M. Carson, en effet, examine un livre de M. Oscar Wilde, le Portrait de Dorian Grey, où il est question d'un homme qui «adore avec folie avec extravagance, absurdement» un jeune homme d'une beauté merveilleuse.

-- Avez-vous jamais adoré de la sorte? demande l'accusateur. -- Je n'ai jamais adoré que moi-même, riposte le témoin.

Mais M. Carson serre de près l'accusateur devenu accusé, et, les assaisonnant de détails d'une netteté toute physiologique, lui pose les questions suivantes :

« Comment M. Oscar Wilde explique-t-il son amitié si intime avec Wood, qui n'est qu'un maître chanteur? Pourquoi l'appeler par son prénom, lui donner de l'argent, dîner avec lui en cabinet particulier, s'il est vrai qu'il n'a pas eu avec ce jeune homme de dix-huit ans, d'une situation sociale si inférieure à la sienne, des relations compromettantes? »
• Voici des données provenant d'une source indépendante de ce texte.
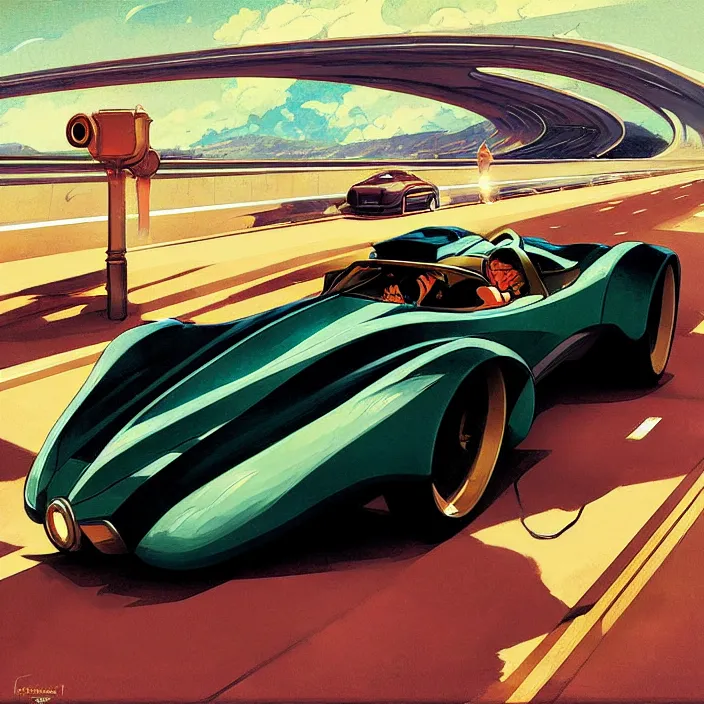 Prompt: fast car on highway, in the style of studio ghibli, j. c. leyendecker, greg rutkowski, artem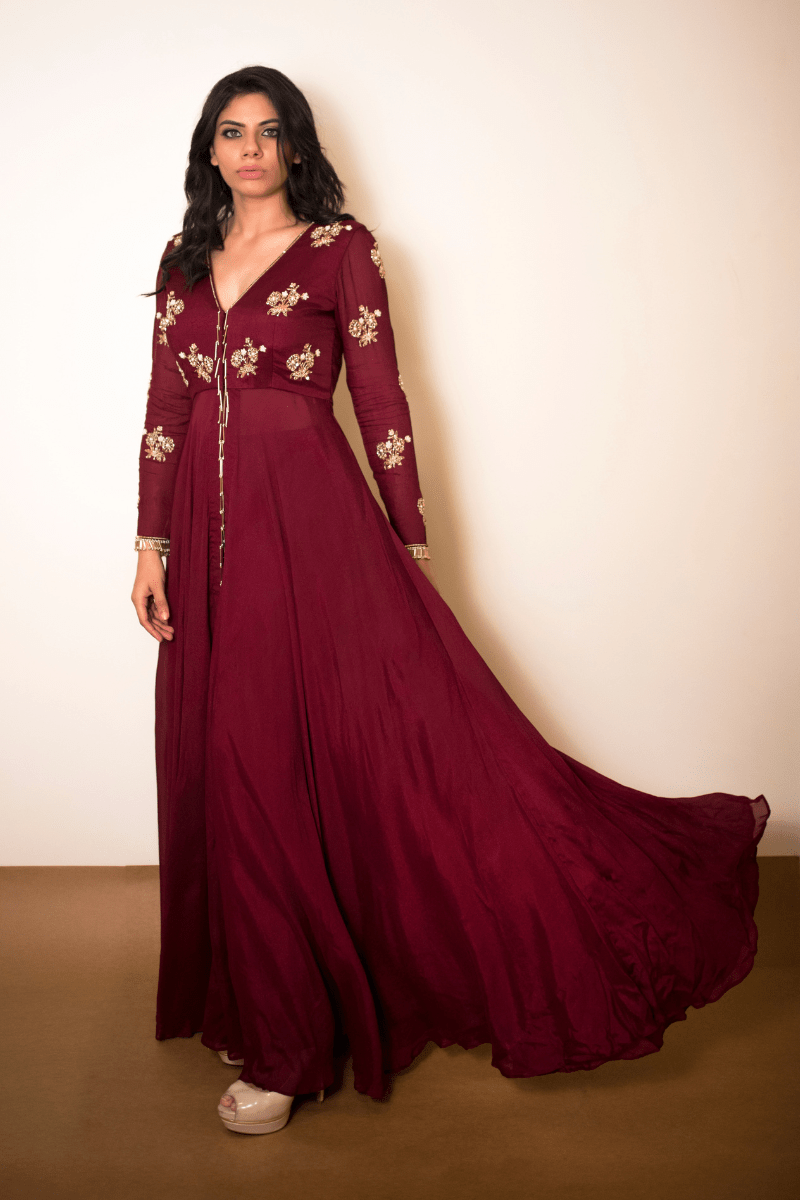Maroon Anarkali
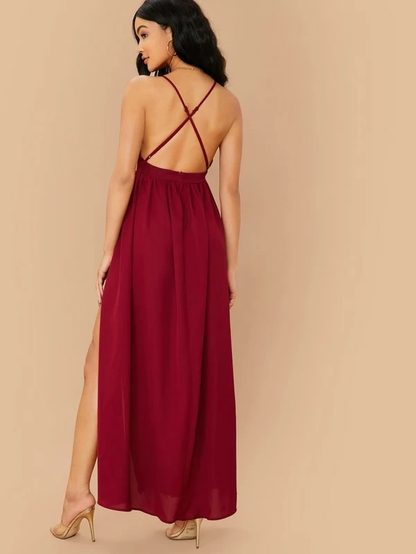 Sleeveless Crisscross Open Back High Split Halter Dress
« Comment expliquer encore l'amitié du témoin pour un jeune employé de librairie nommé Shelley, qu'il emmène aussi dîner, auquel il donne de l'argent, plus de 300 francs? Pour Alfonso Conwel, un jeune vagabond, qu'il habille des pieds à la tête pour l'amener à Brighton ou ils passent une nuit ensemble? »

M. Oscar Wilde, à ces questions, se contente d'opposer des dénégations, et la suite des débats est renvoyée à ce matin.

Au début de l'audience d'aujourd'hui, M. Carson a continué l'interrogatoire de M. Oscar Wilde.

Est-il besoin d'ajouter que cet interrogatoire a porté sur des matières extrêmement scabreuses?

M. Oscar Wilde a dû répondre à une foule de questions délicates sur ses relations avec un certain nombre de jeunes gens, âgés de vingt ans environ, auxquels il offrait, en cabinet particulier, des soupers qui se terminaient généralement par le don symbolique d'un porte-cigarette en argent. M. Oscar Wilde reconnaît le fait, mais ajoute qu'il aime la société des jeunes gens et déteste celle des vieillards. Il n'y a là, ajoute-t-il, rien de répréhensible.

Tout à coup, M. Carson, pour bien démontrer la conviction de son client, lit une lettre du marquis de Queensberry à son beau-père. On y remarque cette phrase:

« Oscar Wilde a montré qu'il était un lâche et le dernier de ces misérables du type de lord Rosebery. »

Inutile d'ajouter que cette mise en cause du premier ministre provoque une profonde émotion, qu'accroît encore la lecture d'une seconde lettre ou le nom de lord Rosebery est également prononcé dans des conditions analogues.

Le conseil du marquis de Queensberry a commencé ensuite la défense de son client, qui sera continuée demain.